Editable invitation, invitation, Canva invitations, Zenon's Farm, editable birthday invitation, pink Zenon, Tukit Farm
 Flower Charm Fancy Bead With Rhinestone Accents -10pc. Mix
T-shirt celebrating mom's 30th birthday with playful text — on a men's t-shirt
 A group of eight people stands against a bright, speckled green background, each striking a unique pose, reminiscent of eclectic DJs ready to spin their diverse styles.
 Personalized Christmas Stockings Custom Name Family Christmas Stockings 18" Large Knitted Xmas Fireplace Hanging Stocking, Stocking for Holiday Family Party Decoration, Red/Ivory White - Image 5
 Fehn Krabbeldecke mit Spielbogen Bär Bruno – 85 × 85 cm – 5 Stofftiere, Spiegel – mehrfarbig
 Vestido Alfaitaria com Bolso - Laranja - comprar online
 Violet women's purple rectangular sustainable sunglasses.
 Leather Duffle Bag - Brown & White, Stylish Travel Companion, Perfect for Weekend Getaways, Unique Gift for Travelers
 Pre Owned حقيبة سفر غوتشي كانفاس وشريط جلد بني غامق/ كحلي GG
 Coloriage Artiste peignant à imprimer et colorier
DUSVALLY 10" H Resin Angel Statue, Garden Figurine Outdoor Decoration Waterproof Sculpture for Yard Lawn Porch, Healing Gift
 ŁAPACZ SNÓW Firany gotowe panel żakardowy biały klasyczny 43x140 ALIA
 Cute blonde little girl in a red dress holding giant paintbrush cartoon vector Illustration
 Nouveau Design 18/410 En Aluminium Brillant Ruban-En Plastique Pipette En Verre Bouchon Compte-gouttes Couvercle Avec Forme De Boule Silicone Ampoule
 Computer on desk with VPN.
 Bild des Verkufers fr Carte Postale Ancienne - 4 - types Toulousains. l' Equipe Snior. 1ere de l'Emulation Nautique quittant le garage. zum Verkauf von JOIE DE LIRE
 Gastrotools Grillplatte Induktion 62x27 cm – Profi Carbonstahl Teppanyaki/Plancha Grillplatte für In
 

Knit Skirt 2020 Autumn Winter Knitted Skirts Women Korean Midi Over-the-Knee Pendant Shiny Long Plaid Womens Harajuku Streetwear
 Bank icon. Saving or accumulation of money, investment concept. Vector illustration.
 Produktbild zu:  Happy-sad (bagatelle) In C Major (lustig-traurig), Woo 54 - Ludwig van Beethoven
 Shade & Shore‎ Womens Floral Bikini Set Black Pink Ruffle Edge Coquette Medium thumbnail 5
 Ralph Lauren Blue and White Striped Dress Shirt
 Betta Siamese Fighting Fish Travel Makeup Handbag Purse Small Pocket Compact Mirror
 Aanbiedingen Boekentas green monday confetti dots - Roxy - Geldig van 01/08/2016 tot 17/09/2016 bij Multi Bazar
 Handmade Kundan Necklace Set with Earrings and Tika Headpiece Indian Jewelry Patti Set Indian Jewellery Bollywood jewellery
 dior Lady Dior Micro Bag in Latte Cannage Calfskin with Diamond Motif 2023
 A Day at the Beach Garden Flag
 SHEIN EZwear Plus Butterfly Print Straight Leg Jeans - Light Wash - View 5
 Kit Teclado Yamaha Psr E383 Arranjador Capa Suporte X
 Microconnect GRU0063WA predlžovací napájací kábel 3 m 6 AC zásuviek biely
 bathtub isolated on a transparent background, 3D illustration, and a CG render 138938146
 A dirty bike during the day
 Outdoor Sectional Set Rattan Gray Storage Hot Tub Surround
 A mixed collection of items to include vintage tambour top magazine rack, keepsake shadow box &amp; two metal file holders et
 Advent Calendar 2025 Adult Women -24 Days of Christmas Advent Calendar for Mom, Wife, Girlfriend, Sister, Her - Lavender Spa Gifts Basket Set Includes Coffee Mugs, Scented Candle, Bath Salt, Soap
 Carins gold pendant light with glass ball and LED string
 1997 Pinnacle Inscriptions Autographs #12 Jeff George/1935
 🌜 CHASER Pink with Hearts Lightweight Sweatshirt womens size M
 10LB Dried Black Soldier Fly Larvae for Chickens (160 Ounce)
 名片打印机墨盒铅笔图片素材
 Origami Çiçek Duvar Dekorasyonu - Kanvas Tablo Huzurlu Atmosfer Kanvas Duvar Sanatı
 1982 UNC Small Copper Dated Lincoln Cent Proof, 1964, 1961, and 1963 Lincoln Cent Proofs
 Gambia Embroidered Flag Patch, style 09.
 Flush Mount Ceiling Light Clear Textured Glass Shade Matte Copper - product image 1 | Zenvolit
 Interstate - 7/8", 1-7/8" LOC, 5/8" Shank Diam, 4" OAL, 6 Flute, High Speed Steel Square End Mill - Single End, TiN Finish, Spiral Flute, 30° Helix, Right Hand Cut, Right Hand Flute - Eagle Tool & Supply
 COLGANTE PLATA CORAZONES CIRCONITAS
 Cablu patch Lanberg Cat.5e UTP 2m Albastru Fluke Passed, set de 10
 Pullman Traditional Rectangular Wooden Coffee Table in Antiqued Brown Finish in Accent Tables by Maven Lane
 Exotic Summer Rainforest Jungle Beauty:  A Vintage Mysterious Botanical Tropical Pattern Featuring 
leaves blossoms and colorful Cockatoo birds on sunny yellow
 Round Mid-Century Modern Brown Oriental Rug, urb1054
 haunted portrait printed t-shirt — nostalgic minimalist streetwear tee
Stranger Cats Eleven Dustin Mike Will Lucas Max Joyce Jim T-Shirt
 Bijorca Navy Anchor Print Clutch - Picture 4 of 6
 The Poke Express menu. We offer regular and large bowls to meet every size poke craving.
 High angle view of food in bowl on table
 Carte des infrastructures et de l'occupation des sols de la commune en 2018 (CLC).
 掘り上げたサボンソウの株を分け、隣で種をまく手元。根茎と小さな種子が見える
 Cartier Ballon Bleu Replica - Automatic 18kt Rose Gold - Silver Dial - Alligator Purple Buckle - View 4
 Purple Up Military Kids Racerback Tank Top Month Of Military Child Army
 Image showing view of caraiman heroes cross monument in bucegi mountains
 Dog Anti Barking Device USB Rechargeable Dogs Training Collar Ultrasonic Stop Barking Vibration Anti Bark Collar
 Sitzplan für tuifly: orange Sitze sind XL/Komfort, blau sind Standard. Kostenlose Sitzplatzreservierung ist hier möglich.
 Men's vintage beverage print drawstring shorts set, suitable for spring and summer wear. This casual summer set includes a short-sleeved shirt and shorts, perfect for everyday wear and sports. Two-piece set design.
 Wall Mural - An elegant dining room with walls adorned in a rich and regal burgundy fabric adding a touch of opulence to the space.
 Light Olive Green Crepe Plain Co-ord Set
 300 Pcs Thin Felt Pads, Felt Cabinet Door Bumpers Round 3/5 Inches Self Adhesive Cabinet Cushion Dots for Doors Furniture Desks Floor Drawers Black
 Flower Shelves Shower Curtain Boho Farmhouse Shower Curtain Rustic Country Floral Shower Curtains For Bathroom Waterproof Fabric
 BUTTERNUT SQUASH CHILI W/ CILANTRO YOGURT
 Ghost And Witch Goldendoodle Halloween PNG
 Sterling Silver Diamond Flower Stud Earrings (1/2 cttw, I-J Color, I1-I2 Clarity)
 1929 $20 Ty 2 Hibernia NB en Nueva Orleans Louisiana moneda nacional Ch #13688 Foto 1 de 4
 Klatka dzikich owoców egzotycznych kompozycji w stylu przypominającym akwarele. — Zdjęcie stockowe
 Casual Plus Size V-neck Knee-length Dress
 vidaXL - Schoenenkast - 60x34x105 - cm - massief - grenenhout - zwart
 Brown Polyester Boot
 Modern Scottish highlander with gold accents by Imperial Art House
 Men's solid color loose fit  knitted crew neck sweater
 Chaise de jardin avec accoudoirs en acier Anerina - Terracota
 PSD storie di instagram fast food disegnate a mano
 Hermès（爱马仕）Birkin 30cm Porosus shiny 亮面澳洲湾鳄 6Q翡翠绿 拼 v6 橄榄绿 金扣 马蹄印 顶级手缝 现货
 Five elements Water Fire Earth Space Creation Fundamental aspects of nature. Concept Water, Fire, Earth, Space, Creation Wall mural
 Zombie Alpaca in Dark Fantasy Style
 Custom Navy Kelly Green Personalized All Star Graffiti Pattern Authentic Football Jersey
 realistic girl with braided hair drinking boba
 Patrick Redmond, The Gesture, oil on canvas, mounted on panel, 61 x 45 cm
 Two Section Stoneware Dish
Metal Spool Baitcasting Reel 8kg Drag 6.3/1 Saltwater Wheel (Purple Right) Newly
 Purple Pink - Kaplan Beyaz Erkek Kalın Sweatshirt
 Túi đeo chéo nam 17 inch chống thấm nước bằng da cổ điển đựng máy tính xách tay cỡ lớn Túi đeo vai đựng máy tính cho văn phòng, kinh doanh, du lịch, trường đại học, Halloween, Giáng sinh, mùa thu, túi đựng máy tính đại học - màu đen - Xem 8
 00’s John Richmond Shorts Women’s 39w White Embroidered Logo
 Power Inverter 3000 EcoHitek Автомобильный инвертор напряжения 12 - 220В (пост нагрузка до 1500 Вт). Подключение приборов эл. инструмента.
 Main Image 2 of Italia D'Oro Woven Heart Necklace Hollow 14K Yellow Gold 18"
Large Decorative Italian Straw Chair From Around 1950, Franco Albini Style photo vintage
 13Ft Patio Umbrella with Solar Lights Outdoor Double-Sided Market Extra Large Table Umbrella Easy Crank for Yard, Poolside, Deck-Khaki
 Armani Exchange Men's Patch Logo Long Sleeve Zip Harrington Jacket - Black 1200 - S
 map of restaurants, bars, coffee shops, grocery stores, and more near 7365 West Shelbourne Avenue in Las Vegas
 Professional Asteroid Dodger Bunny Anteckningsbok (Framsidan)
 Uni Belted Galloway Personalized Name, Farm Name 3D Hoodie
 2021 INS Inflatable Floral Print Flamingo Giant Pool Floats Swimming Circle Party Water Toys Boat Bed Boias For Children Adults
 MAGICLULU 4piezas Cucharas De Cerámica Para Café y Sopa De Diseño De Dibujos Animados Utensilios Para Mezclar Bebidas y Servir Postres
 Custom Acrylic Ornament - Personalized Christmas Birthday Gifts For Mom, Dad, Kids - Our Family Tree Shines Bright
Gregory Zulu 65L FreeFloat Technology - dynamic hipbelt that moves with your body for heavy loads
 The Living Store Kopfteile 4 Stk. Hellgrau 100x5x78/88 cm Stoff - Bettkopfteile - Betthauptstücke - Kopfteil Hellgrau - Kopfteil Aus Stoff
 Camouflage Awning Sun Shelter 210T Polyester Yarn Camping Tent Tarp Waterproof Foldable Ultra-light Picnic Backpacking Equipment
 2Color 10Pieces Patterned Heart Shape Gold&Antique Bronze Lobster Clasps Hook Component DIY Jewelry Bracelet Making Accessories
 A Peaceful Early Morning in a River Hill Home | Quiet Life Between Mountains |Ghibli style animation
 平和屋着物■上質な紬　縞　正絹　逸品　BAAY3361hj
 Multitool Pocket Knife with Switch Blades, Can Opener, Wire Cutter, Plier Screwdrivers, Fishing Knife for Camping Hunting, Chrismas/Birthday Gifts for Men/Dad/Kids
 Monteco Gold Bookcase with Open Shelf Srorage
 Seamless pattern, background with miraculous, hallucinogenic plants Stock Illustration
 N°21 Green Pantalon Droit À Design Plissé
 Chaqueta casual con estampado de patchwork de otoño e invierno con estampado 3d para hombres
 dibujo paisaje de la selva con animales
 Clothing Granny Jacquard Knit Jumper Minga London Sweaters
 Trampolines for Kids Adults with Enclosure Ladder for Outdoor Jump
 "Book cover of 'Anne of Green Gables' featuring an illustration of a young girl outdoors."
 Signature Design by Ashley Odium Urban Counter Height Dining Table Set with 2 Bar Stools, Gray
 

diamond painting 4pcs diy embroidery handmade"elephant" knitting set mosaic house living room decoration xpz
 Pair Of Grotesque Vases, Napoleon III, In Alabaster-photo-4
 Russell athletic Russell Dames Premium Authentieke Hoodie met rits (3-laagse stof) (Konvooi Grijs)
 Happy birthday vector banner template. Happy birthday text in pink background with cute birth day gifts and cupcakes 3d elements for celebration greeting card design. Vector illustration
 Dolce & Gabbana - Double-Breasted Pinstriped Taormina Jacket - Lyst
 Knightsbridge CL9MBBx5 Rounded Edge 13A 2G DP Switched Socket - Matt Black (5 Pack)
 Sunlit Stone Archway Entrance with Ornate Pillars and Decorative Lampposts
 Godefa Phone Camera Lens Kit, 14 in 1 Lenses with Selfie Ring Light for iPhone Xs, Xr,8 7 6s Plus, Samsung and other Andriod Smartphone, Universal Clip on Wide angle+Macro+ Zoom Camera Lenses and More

## Description of the task
Your answer consists solely of the lines from the top of the records above through the line that contains "Porch, Healing Gift", each echoed exactly.

## Task output
Editable invitation, invitation, Canva invitations, Zenon's Farm, editable birthday invitation, pink Zenon, Tukit Farm
 Flower Charm Fancy Bead With Rhinestone Accents -10pc. Mix
T-shirt celebrating mom's 30th birthday with playful text — on a men's t-shirt
 A group of eight people stands against a bright, speckled green background, each striking a unique pose, reminiscent of eclectic DJs ready to spin their diverse styles.
 Personalized Christmas Stockings Custom Name Family Christmas Stockings 18" Large Knitted Xmas Fireplace Hanging Stocking, Stocking for Holiday Family Party Decoration, Red/Ivory White - Image 5
 Fehn Krabbeldecke mit Spielbogen Bär Bruno – 85 × 85 cm – 5 Stofftiere, Spiegel – mehrfarbig
 Vestido Alfaitaria com Bolso - Laranja - comprar online
 Violet women's purple rectangular sustainable sunglasses.
 Leather Duffle Bag - Brown & White, Stylish Travel Companion, Perfect for Weekend Getaways, Unique Gift for Travelers
 Pre Owned حقيبة سفر غوتشي كانفاس وشريط جلد بني غامق/ كحلي GG
 Coloriage Artiste peignant à imprimer et colorier
DUSVALLY 10" H Resin Angel Statue, Garden Figurine Outdoor Decoration Waterproof Sculpture for Yard Lawn Porch, Healing Gift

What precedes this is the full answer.